The warrior gave her the briefest of smiles. “Nothing you can defend yourself against, believe me.”
The waiting group rippled and Cuchulainn caught sight of Ciarda’s dark head making her way through the throng of children.
“Come on. It’s best to face them head on.”
Side-by-side they came to a halt before the waiting group just as a lovely winged woman stepped out to greet them.
Cuchulainn made hasty introductions. “Ciarda, this is MacCallan’s Huntress, Brighid Dhianna. Brighid, Ciarda is Shaman for the New Fomorians.” He gestured at the two winged men who had followed Ciarda through the children. “And, you will remember Curran and Nevin.”
The twins nodded their heads, smiling widely at her. She was instantly struck by how well they looked. The last time she’d seen them their wings had been dreadfully torn. Now they looked whole and healthy, with only pale pink lines scarring through the delicate membranes. One of the twins spoke, but they were so identical that Brighid had no idea whether it was Curran or Nevin.
“It is good to see you again, Huntress.”
“We are all so pleased that you have come, Brighid Dhianna, famed Huntress of the MacCallans,” Ciarda said.

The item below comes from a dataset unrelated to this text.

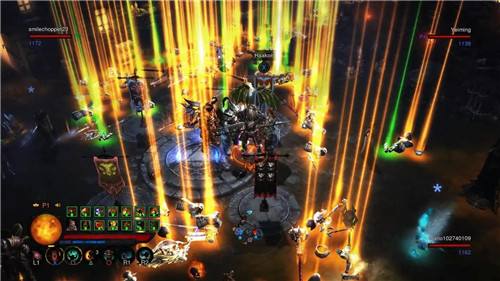 2025打怪升级爆装备手游大全 目前好玩的会爆装备的游戏排行榜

Brighid tried not to be distracted by the horde of watching children, even though her eyes kept being drawn to their small faces. All different sizes and shapes, they were beaming sharp-toothed smiles at her as their wings quivered with barely suppressed excitement. Puppies, she thought. They looked like a wriggling mass of healthy, happy, winged puppies.
Pulling her gaze from the children she nodded politely first to Ciarda and then the twins.
“The MacCallan thought you might need a Huntress to ease the burden of feeding your people during your journey. I was glad to be of service to her,” Brighid said.
“And now I understand why I have dreamed of a silver hawk with gold-tipped wings these past several nights,” Ciarda said, looking from the Huntress’s silver-white fall of long hair to the golden gleam of her equine coat.
Brighid kept her face carefully neutral, but the mention of the Shaman’s dream of a spirit guide was like a fist to her gut. Even here, in the far off Wastelands, she could not escape the threads of her childhood. And then, as if thinking about her own childhood had been the invisible signal to release their silence, a small voice from the group of children trilled across the space between them.
“Oooh, you are even more beautiful than I imagined!”
The Huntress’s eyes sought and found the miniature speaker – a small girl child who was standing near Ciarda. Her hair and wings were an unusual silver-gray color, like the breast of a dove. Her large eyes were bright with intelligence.
“Thank you,” Brighid said.
“That is Kyna,” Cuchulainn said.
At the mention of her name the child bobbed excitedly up and down on her tip-toes.
“Cuchulainn, can I come closer? Please! Pllllease!”
Cu looked questioningly at the Huntress. Not knowing what else to do, Brighid shrugged.
“Come on then,” Cu said. As the child sprinted forward with several of the other children close behind, Cuchulainn lifted his hand and said sternly, “Remember your manners!”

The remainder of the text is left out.